Let me digress a bit before getting to the punchline. The laws of physics mostly boil down to collections of differential equations, but these come in two flavors: linear equations and nonlinear equations. Linear equations are, in the parlance of physics, "well behaved." They are the obedient children who do their homework on time and don't talk back to their parents. But nonlinear equations are the bad boys of physics. They smoke. They drink. They probably carry switchblades. More to the point, they exhibit "chaotic" behavior -- a tiny change in one place can quickly grow to produce huge consequences somewhere else. The classic example is the "butterfly effect": a butterfly flapping its wings in California could theoretically alter the weather so much that five years later, a hurricane strikes Florida. And here's where things get interesting. The equations governing the motion of the planets around the Sun are nonlinear and could, in principle, exhibit just this kind of chaotic behavior.

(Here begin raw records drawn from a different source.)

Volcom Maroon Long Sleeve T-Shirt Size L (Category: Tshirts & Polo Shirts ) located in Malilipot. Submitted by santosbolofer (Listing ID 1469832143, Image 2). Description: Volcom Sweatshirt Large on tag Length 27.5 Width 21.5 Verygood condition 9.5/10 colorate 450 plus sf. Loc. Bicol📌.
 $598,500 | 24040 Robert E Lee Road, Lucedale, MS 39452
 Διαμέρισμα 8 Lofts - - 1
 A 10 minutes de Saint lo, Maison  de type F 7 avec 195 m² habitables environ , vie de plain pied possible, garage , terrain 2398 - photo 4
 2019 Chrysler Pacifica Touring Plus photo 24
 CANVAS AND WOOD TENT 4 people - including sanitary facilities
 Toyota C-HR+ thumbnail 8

The planets could orbit the Sun happily for billions of years until a small change in their orbits gets larger and larger and expels one or more planets entirely.
Physicists have spent the past few hundred years trying to prove that the Solar System is stable, that it won't suddenly eject one or more planets out into interstellar space. And they've failed. Hey, solving nonlinear differential equations is really hard. But now that we have computers, shouldn't it be easier? The problem is that chaotic behavior makes it difficult to solve these equations accurately even on computers -- tiny errors, which inevitably occur in any computer simulation, can mushroom into huge errors over time. So physicists have been forced to develop clever computer tricks to get around this problem. Last week, Richard Zeebe from the University of Hawaii reported that his suite of simulations shows that the Earth will remain in its orbit for at least the next 5 billion years. Whew! That means that instead of freezing in the depths of interstellar space, the Earth will still be around when the Sun puffs up into a red giant and burns us to a cinder. Have a nice day!